A typical NLP task involves going through text data, understanding context, and performing intellectual activities that humans typically perform. Such higher-level tasks include understanding emotions, paraphrasing, summarization, identifying keywords, etc. The first and common step in these natural language-based intelligent tasks is tokenization. Tokenization divides a phrase, sentence, paragraph, or an entire text into smaller units as individual words or terms. Each of these building blocks of text is known as a token. A token can be a word, part of a word, or just plain characters like punctuation.
The tokens and order in which they occur give meaning to the text. For comprehension by humans, the sentence should be composed of tokens from a dictionary (or provided by naming authorities) and in an order determined formal grammar. However, for use in machines or computers, the tokens can be arbitrary fragments of text.
Tokenizers that break text into tokens using space as a delimiter is sufficient to produce vocabulary for language like English. Space delimited tokenization is the most preferred tokenization method for word-vector-based NLP workflows. While simplicity, speed, and easy implementation are the main advantages, downstream NLP tasks may have to work with an extensive vocabulary. Often the simple tokenization using space as a delimiter is extended to include punctuations. Commonly used NLP software/suite (e.g., Spacy, Hugging Face, and, OpenNMT) supports empirical tokenization. In addition, stand-alone tokenizers (like Sentence Piece/Word Piece) include modules for empirical tokenization.

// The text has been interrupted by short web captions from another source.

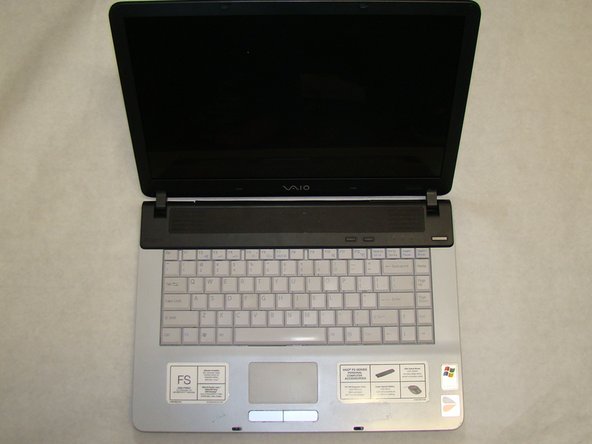 Sony Vaio PCG-7A2L LCD Screen Replacement: step 29, image 2 of 2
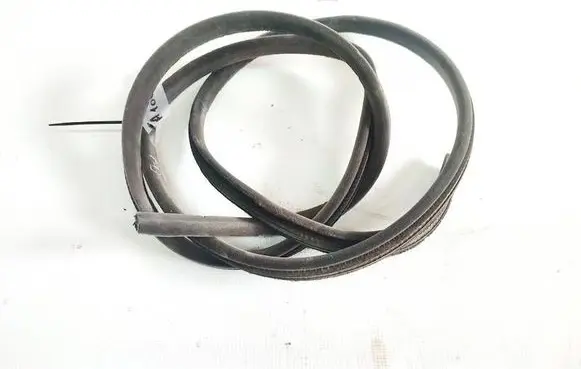 Rover 820 - 825 - 827 Rubber seal front coupe door 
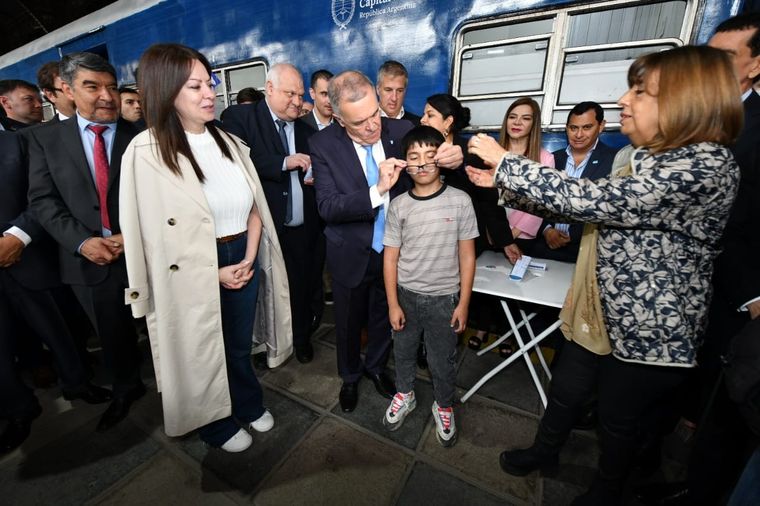 Sandra Pettovello y Osvaldo Jaldo en la presentación del tren sociosanitario en Tucumán Foto: X/@OsvaldoJaldo
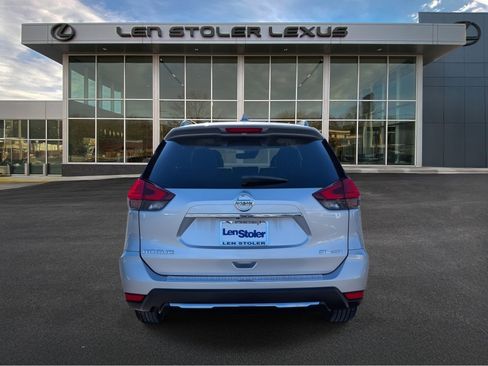 Used 2017 Nissan Rogue SL w/ SL Premium Package image 4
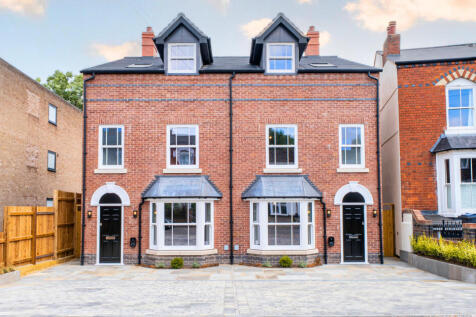 4 bedroom semi-detached house for sale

Empirical tokenization has limited use when language does not use space or other characters as delimiters. For example, the Japanese language does not use space to separate words. Model-based tokenizers play a pivotal role when the language does not use recurring delimiters or have a large vocabulary. As the name suggests, model-based tokenizers need a model that guides the tokenization process. A large corpus of text from the relevant language is typically used to build a model. The model produces vocabulary (a list of tokens/subwords) that do not carry a meaning to humans but are used as a reference to tokenize a new set of text.
Transfer learning-based NLP protocols use model-based tokenizers. SentencePiece is one of the most widely used, general-purpose tokenizers. It provides c++ libraries and python wrappers to build tokenization models and modules to encode/decode text using constructed models.
Tokenization constitutes a fundamental step in higher-level NLP tasks. Based upon the objective of the task, language to perform NLP task on, and downstream learning methods to build word vector and machine learning method, either empirical or model-driven tokenizers. Nucleati NLP suite uses empirical word-based tokenizers. Our efficient and low-storage-fingerprint machine learning method is best suited for empirical, delimiter-based tokenization.